Malheureusement, c’est le chemin inverse que prend la 5ème révision de l’assurance invalidité. Déjà son objet est étonnant ; cette révision ayant pour but de réduire le nombre de futurs rentiers. Le but d’une assurance ne saurait être d’exclure le maximum d’ ayants droits. De plus, cette révision vise à supprimer les adaptations de rentes pour les plus jeunes handicapés. Ce complément voulait éviter que des personnes handicapées précoces n’obtiennent que des rentes minimales à cause du manque de revenu durant leurs années de formation ou des salaires plus bas que la moyenne au début de leur carrière professionnelle. A côté de cela, la 5ème révision se propose de ne plus allouer de rentes complémentaires pour les conjoints. Ainsi, les conjoints qui auront renoncé à une activité lucrative pour s’occuper de leurs conjoints handicapés se verront pénalisés. Durement touchées seront les familles dont un conjoint ou les deux sont handicapés, puisque la révision se propose de diminuer fortement la prestation pour enfant pour les bénéficiaires d’indemnités journalières. Cette réduction toucherait douloureusement des parents qui élèvent au mieux leurs enfants, et ce, tout en devant déjà investir de gros efforts pour intégrer leur handicap. À côté de ces mesures d’économie, la révision offre peu de moyens concrets en vue de réinsérer les personnes handicapées dans le monde du travail et dans la société. Et celles qui seraient mises en œuvre se heurteraient aux dures lois de l’efficacité économique. Le principe de la réinsertion avant la rente est mis en exergue. Mais ensuite, il n’y a pas de véritables incitations vis-à-vis des employeurs. Ces derniers ne sont pas vraiment aidés s’ils désirent embaucher un handicapé. En tout cas pas suffisamment. Pourtant, l’insertion est un élément vital dans la prise en compte des handicapés. Car ces derniers ne doivent pas seulement être assistés. Or, en révisant cette loi comme il l’a fait, notre parlement met trop l’accent sur la rentabilité économique des handicapés et oublie trop vite le message des Évangiles.

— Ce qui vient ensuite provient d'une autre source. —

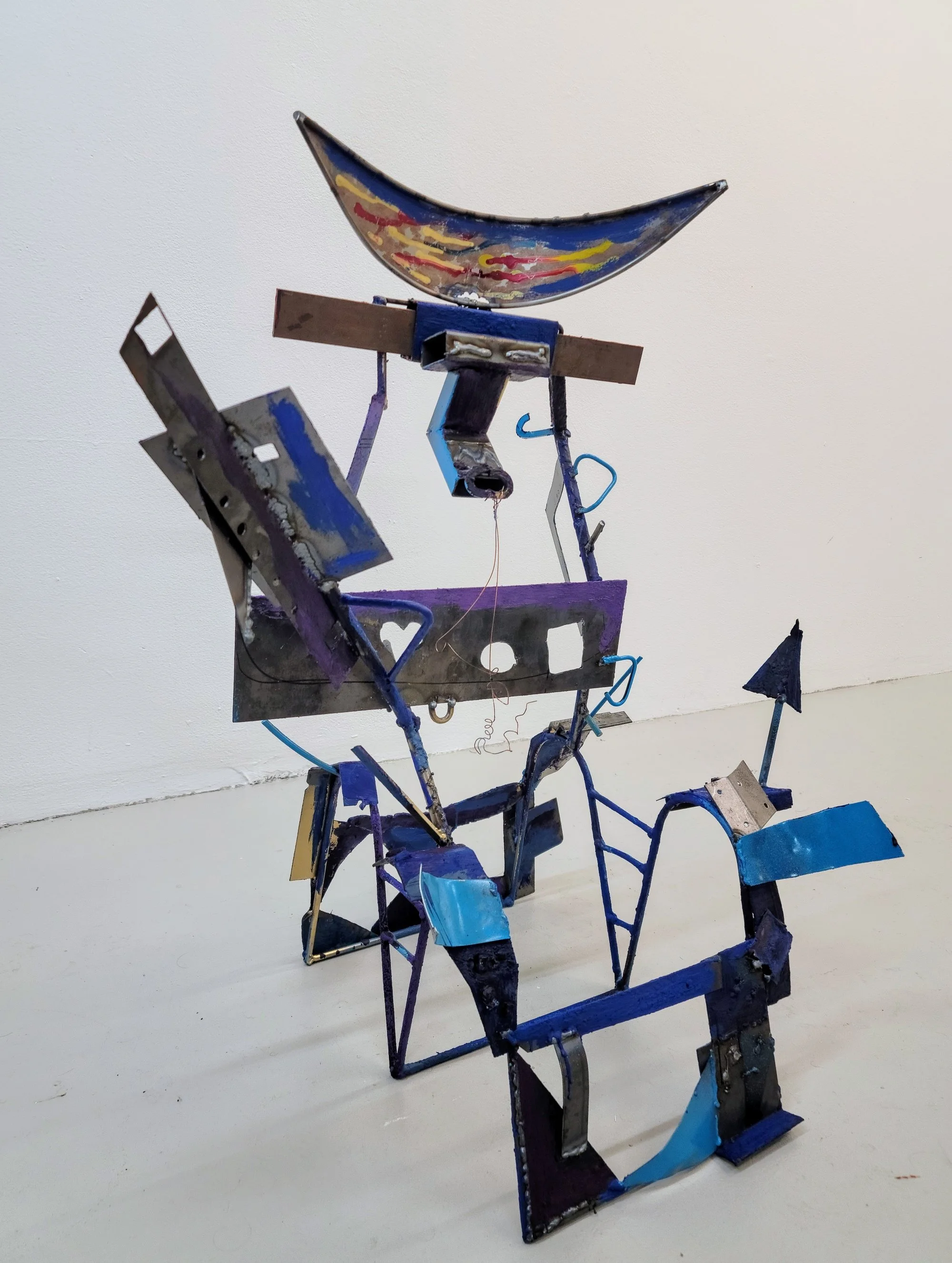 04_E_2021_Sculpture_Steel_Encaustic_Blue.jpg.jpg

En légiférant ainsi, nos autorités étatiques ne se distancient pas seulement du message évangélique, mais ferment les yeux sur le préambule de notre Constitution qui nous dit : " (…) que la force de la communauté se mesure au bien-être du plus faible de ses membres". Réduire le montant de rentes déjà menues n’améliorera aucunement le bien-être des handicapés de notre pays.

Pour toutes ces raisons, je vous demande, mes Révérends, de prendre position et d’enjoindre les disciples du Christ à refuser la 5è révision de l’assurance invalidité.